The City Center District is an area in north-central downtown Dallas, Texas (USA). It lies south of the Arts District, north of the Main Street District, northwest of Deep Ellum, southwest of Bryan Place and east of the West End Historic District. The district contains a large concentration of downtown commercial space which prior to 1950 had been concentrated along Main Street. The district also contains remnants of Theatre Row, the historical entertainment area along Elm Street which contained theatres such as the Majestic Theatre.

Notable structures and parks 

 2100 Ross Avenue
 Sheraton Dallas Hotel
 Bryan Tower
 The Drever
 Energy Plaza
 Fidelity Union Tower
 Republic Center
 Harwood Center
 JPMorgan Chase Tower
 KPMG Centre
 Majestic Theatre
 Patriot Tower
 Plaza of the Americas
 Renaissance Tower
 Ross Tower
 Thanksgiving Tower
 U.S. Post Office
 Corrigan Tower
 211 North Ervay
 505 North Ervay
 Hartford Building
 Thanks-Giving Square
 Aston Park

Transportation

Highways 
  US 75 Central Expressway/ I-45 connection (unsigned  I-345)

Trains 
DART , ,  listed south to north
 Akard Station
 St.

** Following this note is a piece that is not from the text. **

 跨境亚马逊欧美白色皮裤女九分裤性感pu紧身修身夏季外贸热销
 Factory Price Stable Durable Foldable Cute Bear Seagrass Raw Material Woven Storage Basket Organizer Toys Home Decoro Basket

Paul Station
 Pearl Station

Education 

The City Center District is served by the Dallas Independent School District.

The neighborhood schools for downtown are outside of the loop.

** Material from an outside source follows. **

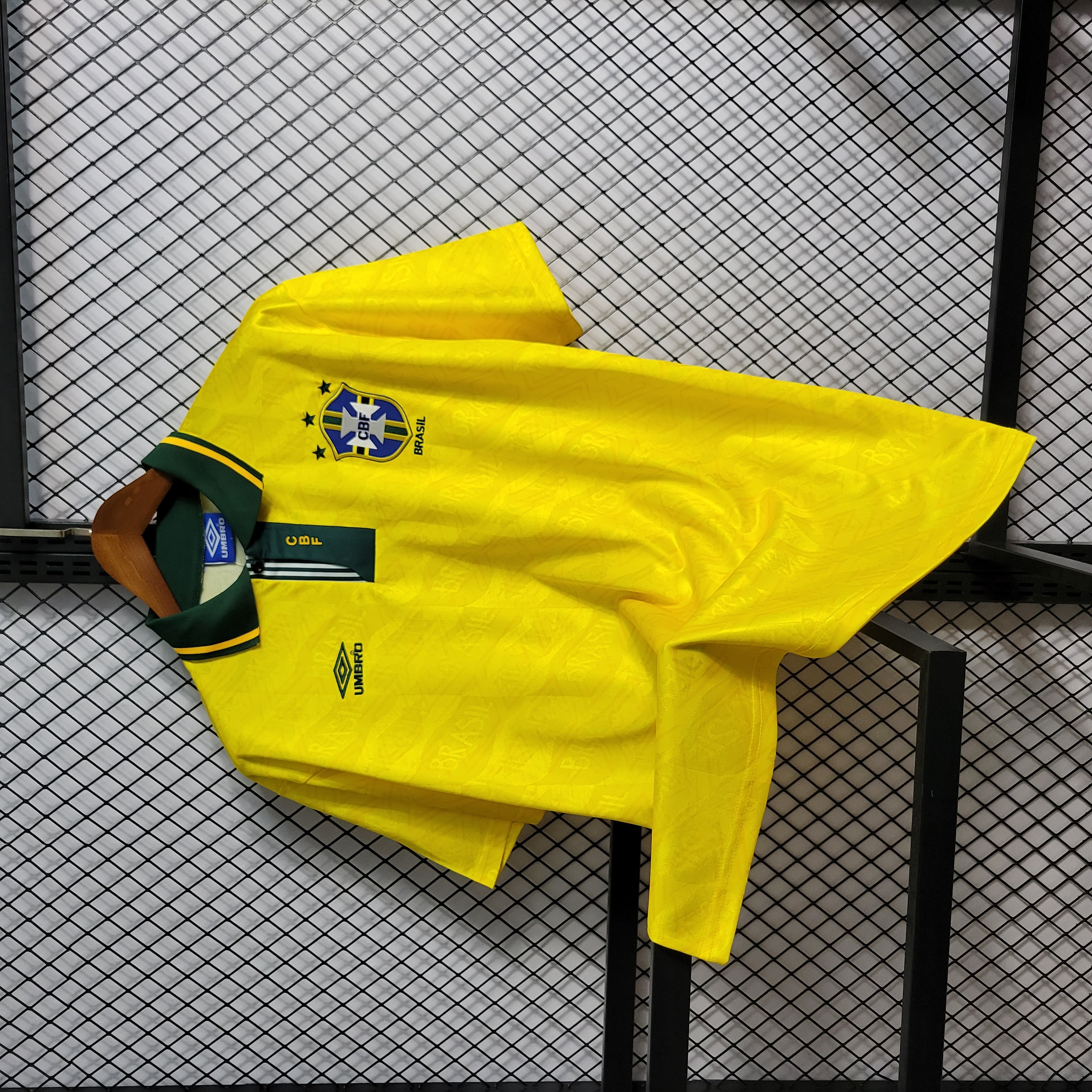 AlphaJersey-Retro Brazil 1991-93 Home Stadium Jersey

Four elementary schools—City Park, Sam Houston, Hope Medrano, and Ignacio Zaragoza; three middle schools—Billy Earl Dade, Thomas J. Rusk, and Alex W. Spence; and two high schools—James Madison and North Dallas, serve the district.

Private Schools

Holy Trinity Catholic School has served Dallas' central neighborhoods since 1914 and is located at the corner of Oak Lawn Avenue and Gilbert Avenue. Providing early education for three-year-olds through eighth grade, Holy Trinity is the oldest continually operating Catholic school in North Texas.

Residents are also served by First Baptist Academy of Dallas, a Biblically-integrated, college preparatory K-12 school located in the city center district of downtown Dallas.